When Charter first came out with the .44 Special Bulldog I concocted a .44 handload using the .44 Russian case. These were the old balloon head style cases, not the current CAS ammunition. They worked very well in that little gun, and punched out much quicker than .44 Special cases.

The same is true for some of the little J Framed Smiths in .357 ~ the .38 Specials eject much more smoothly than magnum cases.

Bob Wright


----------



## logan85 (May 7, 2006)

Correct me if I'm wrong, but isn't there a common beliefe that if you use shorter rounds (like a special in a magnum) then after a while a ring of carbon could build up and prevent proper use of full length ammo?

L J


----------



## OMSBH44 (Jul 7, 2006)

It is possible, but only until you clean the carbon (and/or bullet lubricant, if
you are using cast bullets) out.


----------



## RetiredSwabbie (Mar 4, 2007)

Bob,
Thanks for always giving out good info. I have the Taurus "Judge" .45LC/.410. Am I understanding that I can use .45 S&W, too? If so wouldn't I need "moon clips"? Sorry if I sound so ignorant about such things but "it is what it is". Thanks. :smt1099


----------



## Bob Wright (May 10, 2006)

RetiredSwabbie said:


> Bob,
> Thanks for always giving out good info. I have the Taurus "Judge" .45LC/.410. Am I understanding that I can use .45 S&W, too? If so wouldn't I need "moon clips"? Sorry if I sound so ignorant about such things but "it is what it is". Thanks. :smt1099


Yes, the .45 S&W cartridge is essentially a short version of the .45 Colt round. In fact, Colt once prevailed on Peters Cartridge Company to produce the .45 S & W and market, and headstamp the cartridges, as .45 Colt Government. Reminton-UMC marketed some .45 cartridges using the .45 Colt 250 grain bullet loaded in .45 S& W cases and sold these as .45 Colt.

The original .45 S&W round had a slighter larger diameter rim and a 230 gr. lead bullet. The .45 Colt M1909 had an even larger rim, and could not be loaded in adjacent chambers in a Colt Single Action. Only the New Service could load six round of this.

And No, the .45 S&W round is rimmed, so clips are not needed.

Bob Wright


----------



## Bob Wright (May 10, 2006)

*.45 ACP and .45 AR*

O.K. the lesson for today is interchangability of .45 ACP (.45 Automatic) and .45 Auto-Rim, and the use, or lack thereof, of clips.

There are clips that hold three rounds, half moon clips; clips that hold six rounds, full moon clips, and clips that hold two rounds.
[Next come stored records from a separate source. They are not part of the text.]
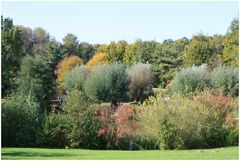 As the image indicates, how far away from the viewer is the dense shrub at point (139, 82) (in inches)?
1887

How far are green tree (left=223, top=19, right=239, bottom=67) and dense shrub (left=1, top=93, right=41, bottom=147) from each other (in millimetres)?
28943

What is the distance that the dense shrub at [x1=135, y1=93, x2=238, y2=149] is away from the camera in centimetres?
2225

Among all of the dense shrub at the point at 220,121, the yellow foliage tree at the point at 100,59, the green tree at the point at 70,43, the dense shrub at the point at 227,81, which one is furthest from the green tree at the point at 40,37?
the dense shrub at the point at 220,121

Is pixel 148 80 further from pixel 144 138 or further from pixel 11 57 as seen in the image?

So, "clips" is the term.

The .45 ACP round is rimless, and headspaces on the case mouth. Revolvers were made during World War I to accept .45 ACP ammunition as an expediancy due to the lack of .45 Pistols, the M1911 auto. To allow the use of a rimless cartridge in a multiple ejecting revolver, the half moon clip was invented. Early Colt revolvers were bored through and would not fire the rounds without using the clip. All Smith & Wessons were chambered and would fire the .45 ACP without clips, but ejecting the fired cartridges required a pencil or short stick to poke out the empties. Later model Colts employed this feature. The space between the standing breech and rear of the cylinder was increased to accommodate the clips.

Around 1920, Peters Cartridge Co. developed the .45 Auto Rim cartridge, a thick rimmed round generally duplicating the dimensions of the .45 ACP, and loaded with a 230 gr lead bullet. So far as I know, this round is no longer made, though brass remains available.
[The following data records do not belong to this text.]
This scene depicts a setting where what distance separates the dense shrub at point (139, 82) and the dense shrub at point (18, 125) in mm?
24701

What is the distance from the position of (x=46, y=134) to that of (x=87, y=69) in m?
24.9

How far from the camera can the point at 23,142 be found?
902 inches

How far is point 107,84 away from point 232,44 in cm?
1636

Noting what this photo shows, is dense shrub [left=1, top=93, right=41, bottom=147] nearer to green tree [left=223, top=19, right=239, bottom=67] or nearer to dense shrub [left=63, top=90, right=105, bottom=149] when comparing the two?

So, in Colt and Smith & Wesson revolvers, the .45 AR and .45 ACP cartridges are interchangable, though cannot be mixed in the same cylinder, unless three ACP cartridges are loaded with a half-moon clip.

Now, Ruger introduced a .45 Colt Blackhawk with an optional .45 ACP cylinder. This cylinder is chambered to headspace the .45 ACP on the case mouth, and enclose the case head in the chamber. Since the Ruger uses a rod ejector, no clips are necessary. But, as the case is completely enclosed, the gap between the standing breech and rear of the cylinder will not allow the thick rim of the .45 Auto Rim to chamber and cycle in the gun. So, in the Ruger, and most other single actions, the .45 AR cannot be used, WITHOUT ALTERATION. Some have counterbored the chamber to permit AR use, but the fully supported case head is lost when going back to ACP cartridges.

The new .45 Cowboy, or .454 Short, are short versions of the .45 Colt round that will chamber and fire in the ACP cylinder.

Clear?

Bob Wright


----------



## RetiredSwabbie (Mar 4, 2007)

Thanks again, Bob. Maybe Administration can start a "Lesson of the Day" area in this forum for you. Now I have another round to use in the Judge. Nothing like versatility...:smt1099


----------



## jimg11 (May 17, 2006)

*Short .44 rounds.*

Hi Bob 
Back when I was playing with a Charter Arms .44 Special, I did not have a lot of .44 special brass but I did have an arbor Press and one of the lyman push them in and pull them out .44 special die. I found that I had an almost unlimited supply of brass (45 ACP) that I could force into the die and push out and get the neatest short rounds for the .44 Bull dog. I used a cast 210 gr lead bullet sized.429" in front of 6.0 gr UNIQUE. The rimless .45 brass only resized the case portion in the .450" die so that the rim .474" worked fine in the Charter Arms revolver.


----------



## RetiredSwabbie (Mar 4, 2007)

Before I forget, any good, affordable sources for .45 S&W Schofield ammo? And what's the feasability of reloading this ammo? :smt1099


----------



## Bob Wright (May 10, 2006)

*.45 S&w*

The .45 S&W is currently offered by several ammo makers in cowboy loadings as .45 Scholfield. When I was loading this round brass was not available so I used cut down .45 Colt cases.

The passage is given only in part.